Na análise dos pesquisadores, a maior parte do mercúrio que chega aos rios é absorvido nas partículas do solo. O desmatamento de árvores, por exemplo, acelera o processo de erosão e, consequentemente, a deposição de metal tóxico nos rios.
“Esse solo vai ser transportado até os rios em processos erosivos que podem ser naturais ou podem ser inclusive agravados por atividades antrópicas, como desmatamento ou queimadas. Esse solo é carreado até os cursos hídricos e neles essas partículas de solo, esses sedimentos, são transportados por longas distâncias, podendo parar inclusive no oceano”, explica Vitor em entrevista ao g1 e a Rede Amazônica.

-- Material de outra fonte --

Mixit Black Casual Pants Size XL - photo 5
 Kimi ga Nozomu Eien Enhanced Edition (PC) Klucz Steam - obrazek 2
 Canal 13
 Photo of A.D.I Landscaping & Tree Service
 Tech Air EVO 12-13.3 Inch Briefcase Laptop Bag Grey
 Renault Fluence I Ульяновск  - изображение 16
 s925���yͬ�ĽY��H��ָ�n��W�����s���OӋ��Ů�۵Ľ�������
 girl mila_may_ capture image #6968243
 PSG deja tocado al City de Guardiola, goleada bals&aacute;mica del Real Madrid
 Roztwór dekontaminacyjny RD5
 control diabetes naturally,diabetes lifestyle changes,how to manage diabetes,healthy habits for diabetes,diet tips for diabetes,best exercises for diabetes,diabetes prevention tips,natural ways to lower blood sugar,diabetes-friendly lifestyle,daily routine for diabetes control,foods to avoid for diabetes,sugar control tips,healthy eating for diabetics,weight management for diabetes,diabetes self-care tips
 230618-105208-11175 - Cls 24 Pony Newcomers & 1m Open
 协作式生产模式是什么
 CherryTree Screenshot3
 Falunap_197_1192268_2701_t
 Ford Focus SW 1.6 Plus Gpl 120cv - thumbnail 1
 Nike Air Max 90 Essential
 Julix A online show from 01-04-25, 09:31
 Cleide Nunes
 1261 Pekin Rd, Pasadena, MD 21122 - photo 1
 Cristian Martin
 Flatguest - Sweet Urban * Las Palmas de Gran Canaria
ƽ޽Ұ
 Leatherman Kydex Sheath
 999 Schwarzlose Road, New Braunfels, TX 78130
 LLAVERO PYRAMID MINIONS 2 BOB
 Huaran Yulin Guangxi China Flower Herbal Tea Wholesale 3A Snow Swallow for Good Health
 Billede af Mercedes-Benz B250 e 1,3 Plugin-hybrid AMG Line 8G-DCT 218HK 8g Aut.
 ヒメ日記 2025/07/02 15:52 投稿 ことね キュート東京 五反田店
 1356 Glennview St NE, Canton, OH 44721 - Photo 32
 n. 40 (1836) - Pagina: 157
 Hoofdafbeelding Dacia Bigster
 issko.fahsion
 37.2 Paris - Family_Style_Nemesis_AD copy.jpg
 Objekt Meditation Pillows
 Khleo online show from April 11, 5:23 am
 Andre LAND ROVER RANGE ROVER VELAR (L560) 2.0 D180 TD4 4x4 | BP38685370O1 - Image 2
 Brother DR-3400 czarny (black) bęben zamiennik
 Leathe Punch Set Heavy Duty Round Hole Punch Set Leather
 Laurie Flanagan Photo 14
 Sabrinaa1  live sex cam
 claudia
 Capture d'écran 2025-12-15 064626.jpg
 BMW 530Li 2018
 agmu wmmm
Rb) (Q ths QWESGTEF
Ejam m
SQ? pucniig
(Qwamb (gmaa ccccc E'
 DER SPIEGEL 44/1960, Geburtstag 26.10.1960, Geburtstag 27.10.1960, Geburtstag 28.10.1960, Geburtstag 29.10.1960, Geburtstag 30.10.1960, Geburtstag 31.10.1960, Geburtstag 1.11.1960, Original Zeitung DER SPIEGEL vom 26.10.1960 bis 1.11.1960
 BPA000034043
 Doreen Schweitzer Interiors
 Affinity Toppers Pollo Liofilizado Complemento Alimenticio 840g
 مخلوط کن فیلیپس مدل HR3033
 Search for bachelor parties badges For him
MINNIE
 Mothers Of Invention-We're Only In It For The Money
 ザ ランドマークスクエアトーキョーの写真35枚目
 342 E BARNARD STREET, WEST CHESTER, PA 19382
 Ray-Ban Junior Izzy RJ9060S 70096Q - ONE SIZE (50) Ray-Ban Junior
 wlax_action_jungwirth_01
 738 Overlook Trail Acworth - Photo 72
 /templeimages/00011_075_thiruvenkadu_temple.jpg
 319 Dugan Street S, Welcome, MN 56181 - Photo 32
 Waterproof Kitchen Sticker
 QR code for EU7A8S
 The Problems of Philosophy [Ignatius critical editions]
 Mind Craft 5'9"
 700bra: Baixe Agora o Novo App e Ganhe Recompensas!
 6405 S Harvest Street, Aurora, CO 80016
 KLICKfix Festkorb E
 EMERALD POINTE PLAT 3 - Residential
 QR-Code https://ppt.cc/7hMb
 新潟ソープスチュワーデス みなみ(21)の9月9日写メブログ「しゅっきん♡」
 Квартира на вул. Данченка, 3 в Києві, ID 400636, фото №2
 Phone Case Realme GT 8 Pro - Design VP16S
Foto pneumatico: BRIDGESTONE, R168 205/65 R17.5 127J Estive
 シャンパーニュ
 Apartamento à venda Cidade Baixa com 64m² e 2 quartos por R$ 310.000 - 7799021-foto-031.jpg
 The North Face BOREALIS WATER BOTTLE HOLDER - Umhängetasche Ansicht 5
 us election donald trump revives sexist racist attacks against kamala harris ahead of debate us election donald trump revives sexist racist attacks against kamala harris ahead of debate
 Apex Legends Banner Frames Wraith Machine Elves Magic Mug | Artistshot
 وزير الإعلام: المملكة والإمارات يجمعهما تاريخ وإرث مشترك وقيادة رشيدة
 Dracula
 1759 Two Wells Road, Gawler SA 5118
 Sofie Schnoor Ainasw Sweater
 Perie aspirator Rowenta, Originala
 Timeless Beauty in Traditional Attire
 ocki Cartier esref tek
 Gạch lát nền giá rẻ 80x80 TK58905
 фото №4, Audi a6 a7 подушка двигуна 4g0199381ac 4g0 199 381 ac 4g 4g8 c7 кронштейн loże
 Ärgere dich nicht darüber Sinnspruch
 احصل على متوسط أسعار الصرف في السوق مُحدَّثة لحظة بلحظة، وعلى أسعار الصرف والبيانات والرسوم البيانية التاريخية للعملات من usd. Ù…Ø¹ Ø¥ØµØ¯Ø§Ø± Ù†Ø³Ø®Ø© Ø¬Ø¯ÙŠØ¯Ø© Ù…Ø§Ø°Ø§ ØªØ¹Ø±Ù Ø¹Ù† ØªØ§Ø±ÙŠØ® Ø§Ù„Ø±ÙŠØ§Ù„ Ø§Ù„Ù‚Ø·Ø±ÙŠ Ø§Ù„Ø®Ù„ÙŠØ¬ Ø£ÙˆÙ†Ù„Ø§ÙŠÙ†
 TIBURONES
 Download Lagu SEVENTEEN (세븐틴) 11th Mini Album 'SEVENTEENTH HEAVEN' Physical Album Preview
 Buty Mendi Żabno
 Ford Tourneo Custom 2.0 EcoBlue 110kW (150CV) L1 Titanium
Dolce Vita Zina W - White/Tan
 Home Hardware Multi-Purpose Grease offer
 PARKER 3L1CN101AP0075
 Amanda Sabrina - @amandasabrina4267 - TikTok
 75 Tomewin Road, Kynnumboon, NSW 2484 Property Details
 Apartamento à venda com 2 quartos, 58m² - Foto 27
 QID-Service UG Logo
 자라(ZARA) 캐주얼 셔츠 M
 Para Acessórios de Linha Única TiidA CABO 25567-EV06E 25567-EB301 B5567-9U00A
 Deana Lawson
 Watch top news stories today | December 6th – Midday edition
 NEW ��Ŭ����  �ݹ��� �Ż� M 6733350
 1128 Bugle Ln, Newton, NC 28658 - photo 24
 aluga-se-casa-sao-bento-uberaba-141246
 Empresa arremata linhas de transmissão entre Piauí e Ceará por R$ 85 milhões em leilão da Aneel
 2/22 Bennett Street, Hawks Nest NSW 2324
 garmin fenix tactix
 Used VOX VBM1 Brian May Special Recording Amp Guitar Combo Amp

Com pouco oxigênio e altas concentrações de matéria orgânica, o mercúrio particulado se transforma em metilmercúrio. É nesta forma que ele é capaz de se acumular na cadeia alimentar, especialmente em peixes “canibais”. Esses peixes são consumidos pelas populações locais, que podem adoecer.
Recomendações
A ideia do estudo é fornecer as bases científicas necessárias para planejar e implementar políticas públicas eficazes e adequadas às realidades locais das regiões afetadas pela contaminação do metal. Ele recomenda como necessária:
A implementação de um programa de monitoramento amplo, adaptado às condições das diferentes sub-regiões. O sistema deve priorizar áreas mais vulneráveis e buscar produzir informações que aprimorem o planejamento de maneira iterativa. A colaboração com comunidades e parceiros locais é chave para alcançar resultados contínuos e abrangentes;
O aprimoramento da legislação brasileira, substituindo os limites fixos atualmente estabelecidos por parâmetros baseados em análise de risco que considerem o alto consumo de peixe na região;
O estabelecimento de um conselho alimentar ativo e dinâmico, capaz de fornecer diretrizes claras para as populações locais acerca do consumo de peixe. As orientações devem considerar as diferentes espécies e sua frequência de ingestão, respeitando sempre as características socioeconômicas de cada comunidade;
A implementação de um sistema padronizado de informações e a complementação das bases de dados existentes, como o Observatório do Mercúrio, para apoiar o planejamento governamental e guiar a tomada de decisões.
Terra Yanomami
Com 9,6 milhões de hectares, a Terra Yanomami é considerada o maior território indígena do Brasil em extensão territorial e enfrenta uma crise sem precedentes, com casos graves de indígenas com malária e desnutrição severa.
O território é alvo do garimpo ilegal há décadas, mas a invasão se intensificou nos últimos anos. A atividade impacta diretamente o modo de vida dos povos originários, isto porque a invasão destrói o meio ambiente, causa violência, conflitos armados e poluição dos rios devido ao uso do mercúrio.
Em janeiro do ano passado, o governo federal começou a criar ações para enfrentar a crise, com o envio de profissionais de saúde, cestas básicas e materiais para auxiliar os Yanomami. Além disso, forças de segurança foram enviadas para a região para frear a atuação de garimpeiros no território.
Mesmo com o enfrentamento, um ano após o governo decretar emergência, o garimpo ilegal e a crise humanitária permanecem na região.
Em março, o Ministério dos Povos Indígenas (MPI) estimou que cerca de sete mil garimpeiros ilegais continuam em atividade no território. O número de invasores diminuiu 65% em um ano, se comparado ao início das operações do governo federal, quando havia 20 mil invasores no território.